# New Revised hanged Man Head/Mask prop Head



## Great Pumpkin (Feb 21, 2011)

Hey guys I just revised my Hanged Man Prop based on the portrait from the HM. He still needs to be haired.! I have a fake noose for him as well! Here is what i have so far and later i will post pics of him haired and of course hung! Thanks for looking


----------



## RoxyBlue (Oct 6, 2008)

Another great face!


----------



## DarkLore (Jan 25, 2009)

I love the face as is. No need for hair.


----------



## Joiseygal (Sep 3, 2008)

You make some awesome mask! Nice job once again!


----------



## Headless (Sep 4, 2011)

WOW great job!!!!!


----------



## Great Pumpkin (Feb 21, 2011)

Thanks guys for the compliments!


----------



## CreeepyCathy (Mar 28, 2009)

awesome job! love his teeth.


----------



## Lunatic (Oct 3, 2006)

Super cool GP! Love the facial expression. That will look way cool in your setting. I want one.


----------



## Lord Homicide (May 11, 2012)

awesome work and great expression... how do you do that?


----------



## Great Pumpkin (Feb 21, 2011)

Thanks guys for the compliments! He is made by sculpting the head out of clay. Once your sculpt is done then you make a mold. Pour latex into the mold wait 24 hours then pull it out! Its now a negative of your sculpt. Now you can paint it up! This is how Halloween Masks are made! Anyone interested in him can shoot me a PM.


----------



## Hairazor (Mar 13, 2012)

That would scare me if I ran across it!


----------



## Lord Homicide (May 11, 2012)

Great Pumpkin said:


> Thanks guys for the compliments! He is made by sculpting the head out of clay. Once your sculpt is done then you make a mold. Pour latex into the mold wait 24 hours then pull it out! Its now a negative of your sculpt. Now you can paint it up! This is how Halloween Masks are made! Anyone interested in him can shoot me a PM.

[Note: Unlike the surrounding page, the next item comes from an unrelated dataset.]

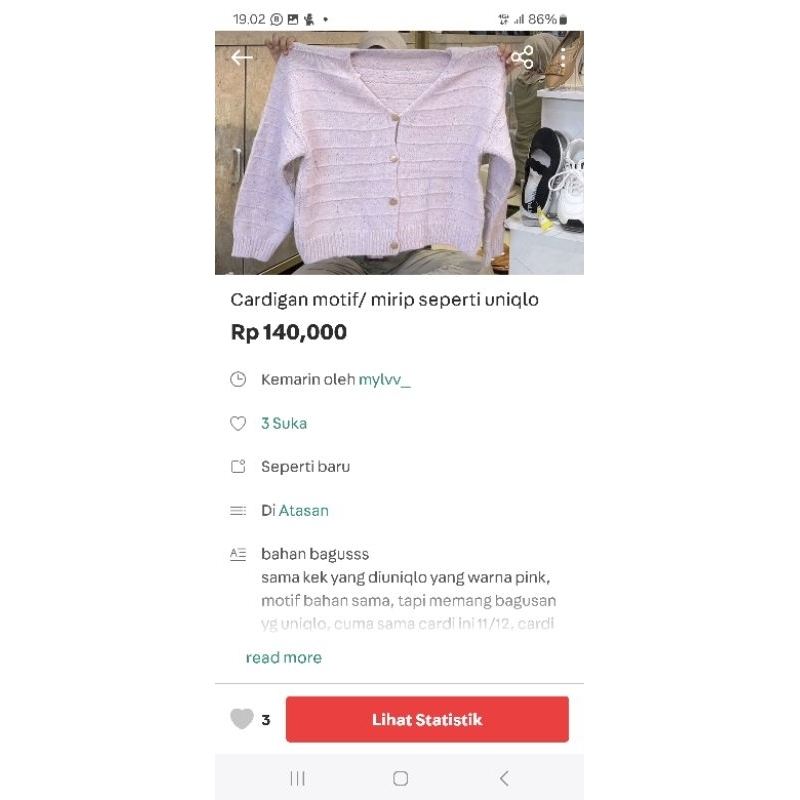 cardigan lilac motif,/seperti cardigan uniqlo (new)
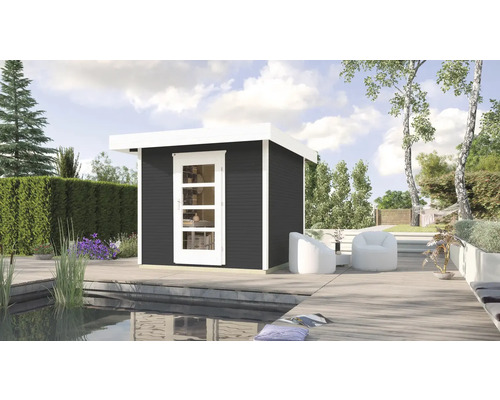 Abri de jardin weka Designhaus 172 taille 3 avec plancher 339 x 377 cm anthracite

i was afraid of that. it looks like you are a master sculptor... it's impressive man


----------



## kprimm (Mar 14, 2009)

This guy is ugly and creepy, yet handsomely beautiful. It's a shame he has to hang....Oh heck with it...Hang him! Nice work.


----------



## fick209 (Aug 31, 2009)

Excellent! Very nice work!


----------



## Great Pumpkin (Feb 21, 2011)

Thanks guys!


----------



## kenkozpgh (Sep 5, 2011)

Very nice


----------



## Spooky1 (Aug 25, 2008)

He has quite the creepy grin. I've never seen someone so happy about being hung.


----------